Return the entries below in their exact form, leaving the pictures out.

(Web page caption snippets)
^^^^^^^^^^^^^^^^
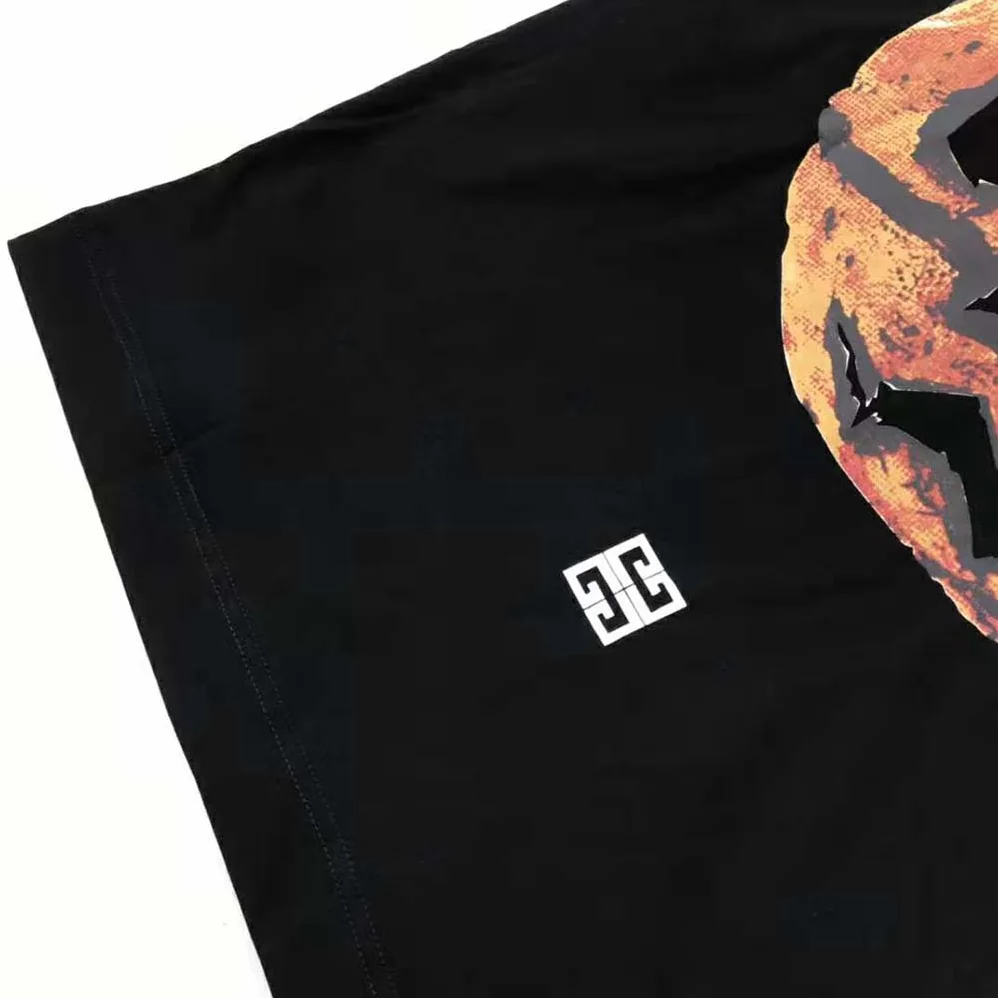Givenchy Slim Fit T-shirt in Jersey with Ceramic Print for Men in Black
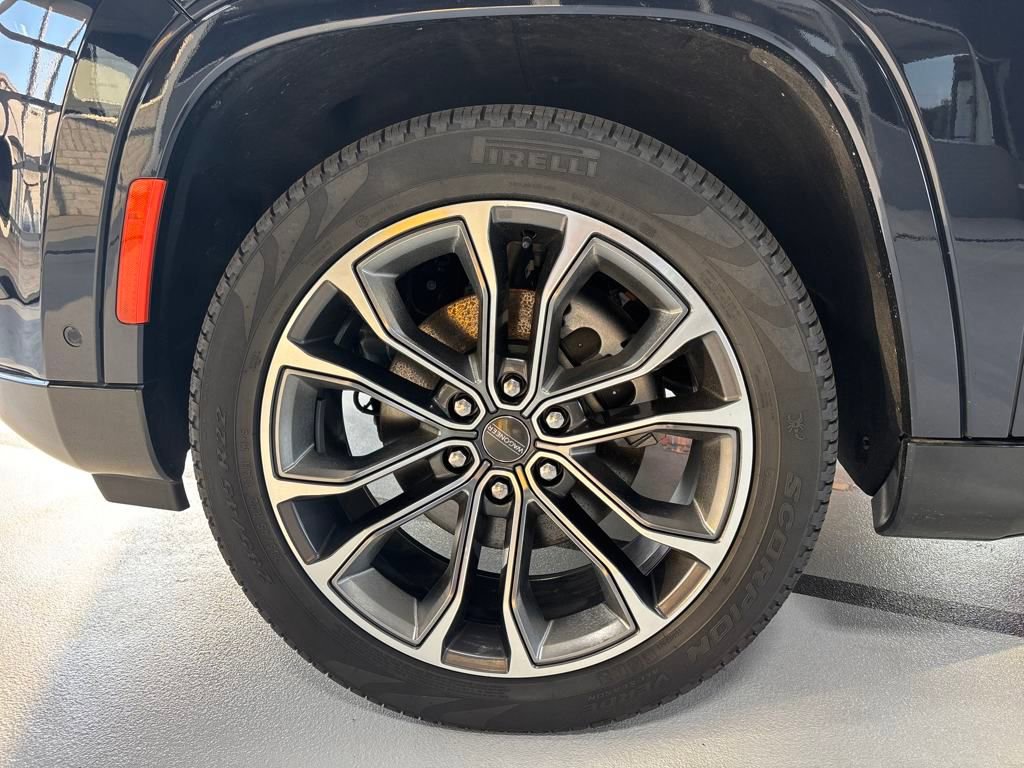 New 2024 Jeep Grand Wagoneer L Series III w/ Rear Seat Video Group 1 image 11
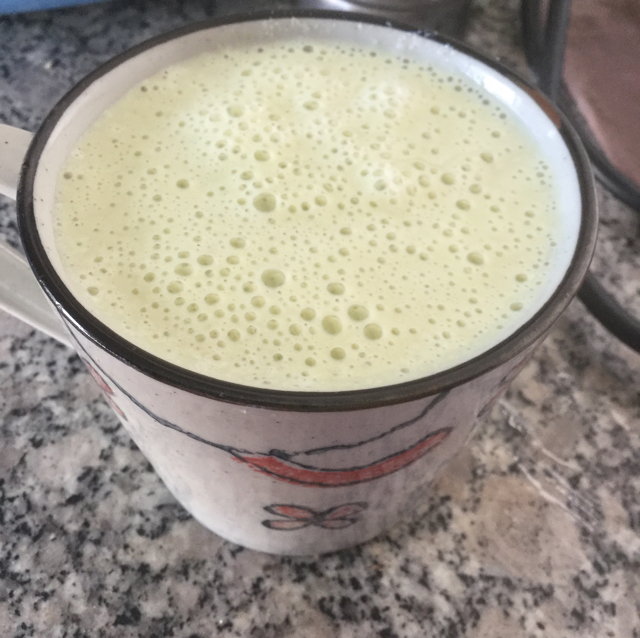 牛油果香蕉奶昔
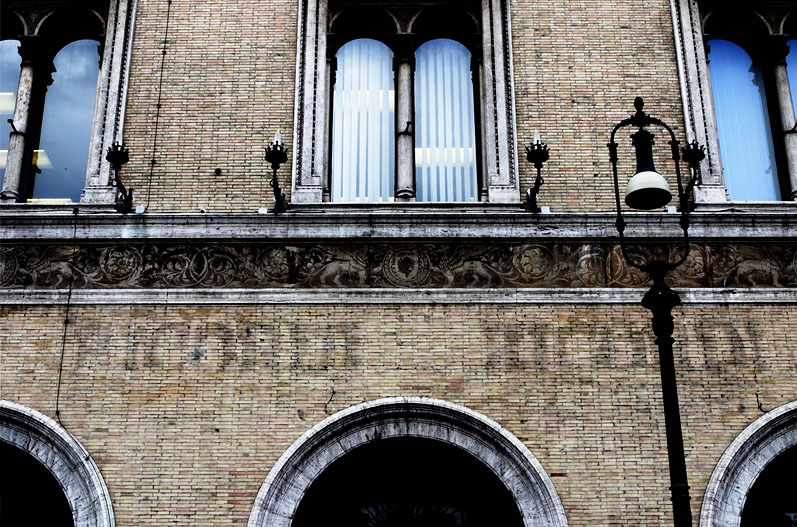 fading arches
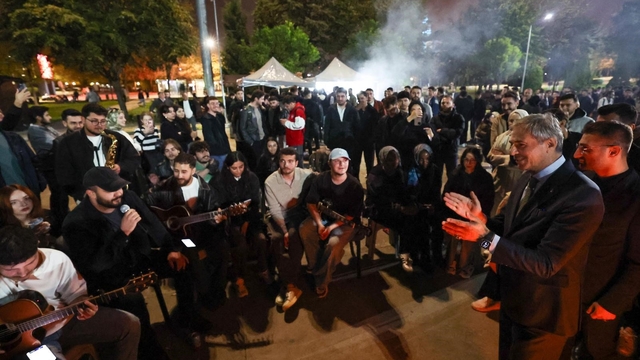 Başkan Alemdar ve Rektör Al, vize haftası öncesi öğrencilerle buluştu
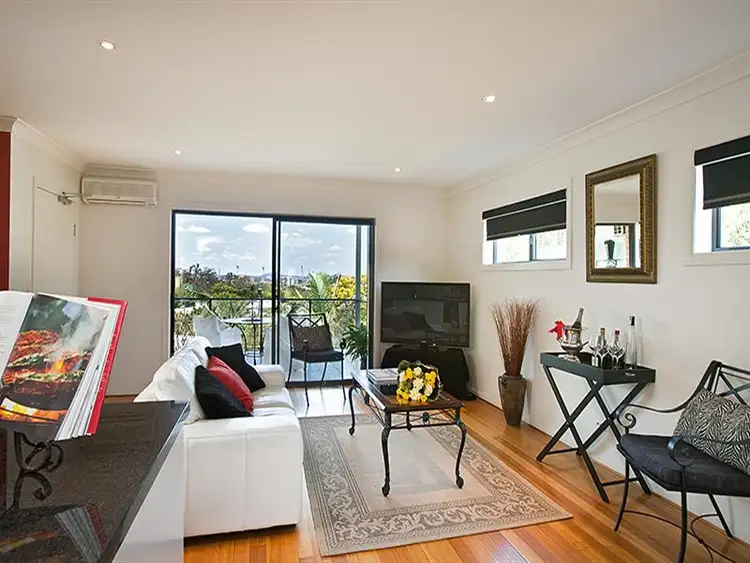Fourth view of Homely unit listing, 2/19 Little St, Albion QLD
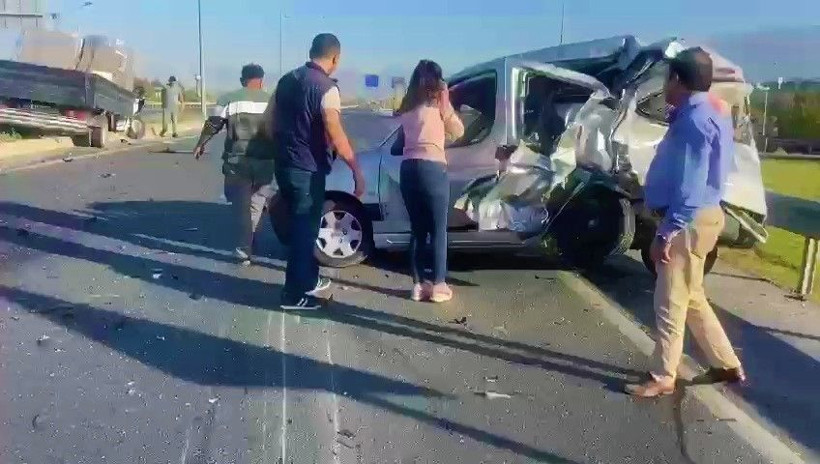 Denizli'de feci kaza! Sürücü araçta sıkıştı korkunç anlar görüntülendi - Resim: 3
^^^^^^^^^^^^^^^^
Your response:
Givenchy Slim Fit T-shirt in Jersey with Ceramic Print for Men in Black
 New 2024 Jeep Grand Wagoneer L Series III w/ Rear Seat Video Group 1 image 11
 牛油果香蕉奶昔
 fading arches
 Başkan Alemdar ve Rektör Al, vize haftası öncesi öğrencilerle buluştu
Fourth view of Homely unit listing, 2/19 Little St, Albion QLD
 Denizli'de feci kaza! Sürücü araçta sıkıştı korkunç anlar görüntülendi - Resim: 3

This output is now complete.